Sedangkan dari sudut pandang secara fiqih, azan hayya alal jihad tidak lazim karena bukan demikian ajaran dan tradisi baku sejak Rasulullah SAW. Untuk itu, menurut Cak Nun, lazim juga andaikan ada ulama yang menyebutkan bahwa azan hayya alal jihad itu melanggar syariat, bid’ah, atau bahkan sesat.
“Kalau dilihat dari fiqih, menurut saya penggantian lafal azan dengan kata jihad, hal tersebut dinilai sebagai hal yang tak lazim dilakukan,” ungkap Cak Nun.
Meski demikian, Cak Nun menegaskan bahwa pandangannya ini tidak bisa dijadikan dasar, sehingga masyarakat diminta untuk tidak kaget jika ada ulama ataupun kiai lain yang memiliki penilaian yang berbeda terkait penggantian kalimat azan dengan kata jihad.
“Itu pandangan saya, tapi jangan kaget jika nanti ada ulama yang menyebut hal tersebut sebagai bid’ah atau bahkan bid’ah kubro terkait adanya penggantian kalimat tersebut,” katanya.
Di luar perspektif itu, Cak Nun mengatakan, ada teori lain kenapa azan hayya alal jihad begitu masif dan viral. Itu bisa jadi adalah rekayasa rezim penguasa, kata dia.
“Kita tidak mengklaim juga tak menuduh, tapi ada teori seperti itu. Mungkin saja yang bikin yang berkuasa, secara teori politik strategis memang ada [teorinya]” ujarnya.
Budayawan NU itu mengatakan, teori lain soal geopolitik menyebutkan, kekuatan Islam yang keras sengaja dimunculkan sebuah kekuatan supaya memungkinkan institusi negara atau institusi global menumpas Islam keras tersebut. Wujud yang bisa dilihat adalah munculnya fenomena terorisme.
“Tapi ada teori lain. Misalnya kalau ada kelompok Islam yang sangat keras, itu kemungkinan lain rekayasa dari yang berkuasa. Itu bisa terjadi dalam negara dan politik internasional, tokoh Islam sangat keras bagian dari rezim. Itu sebuah teori, saya tak mengatakan ada kemungkinan begitu,” kata dia.

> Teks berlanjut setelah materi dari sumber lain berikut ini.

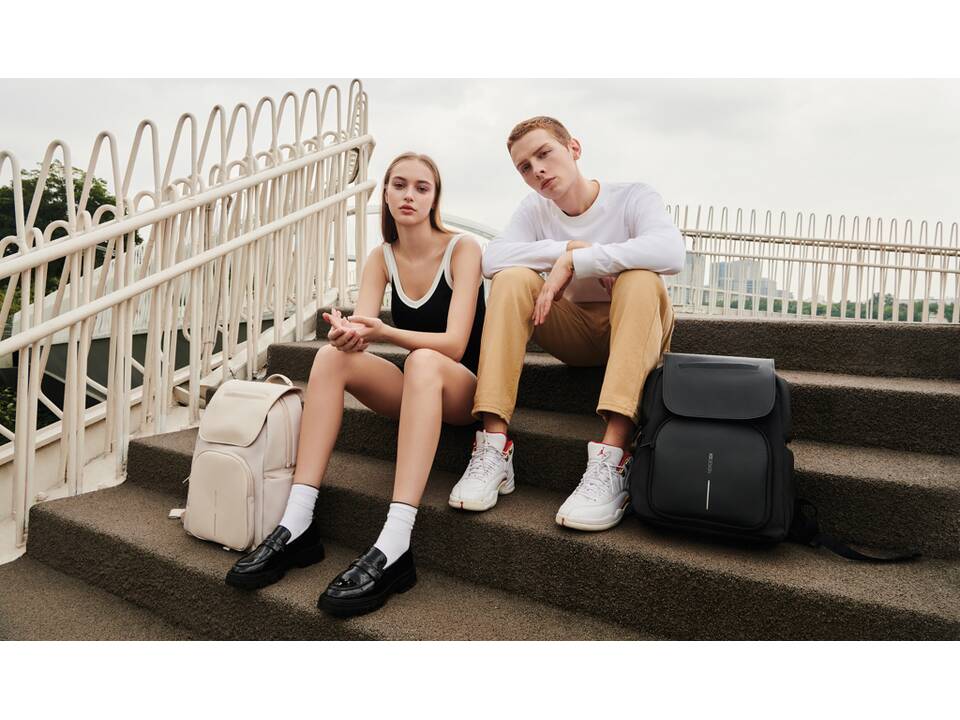 XD Design Soft Daypack 27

Selanjutnya, Cak Nun mengatakan, jika perspektif pandangnya diperluas, maka akan ditemukan spektrum di mana subjek-subjeknya sangat banyak: globalisasi, penjajahan Dajjal dan Ya’juj Ma’juj, imperialisme, kapitalisme global, amr, dan iradah Allah SWT sendiri.
Dari perspektif ini, Cak Nun membaca munculnya berbagai fenomena itu sebagai tanda bakal ada tatanan peradaban baru.
“Sudahlah terserah trigger-nya [pemicu azan hayya alal jihad] dari mana, siapa yang memprovokasi, ini memang ada kelompok yang nggak kuat ngamuk ataukah ini bikinan rezim sendiri atau apapun itu terserah, tapi kan ada kemungkinan lain bahwa kita sedang dalam berada suatu lingkaran setan sebab akibat, jadi tak hanya linear sebab akibat, akibat sebab, tapi setiap sebab bisa merupakan akibat dan akibat bisa merupakan sebab. Ini bisa silang sengkarut,” ujarnya.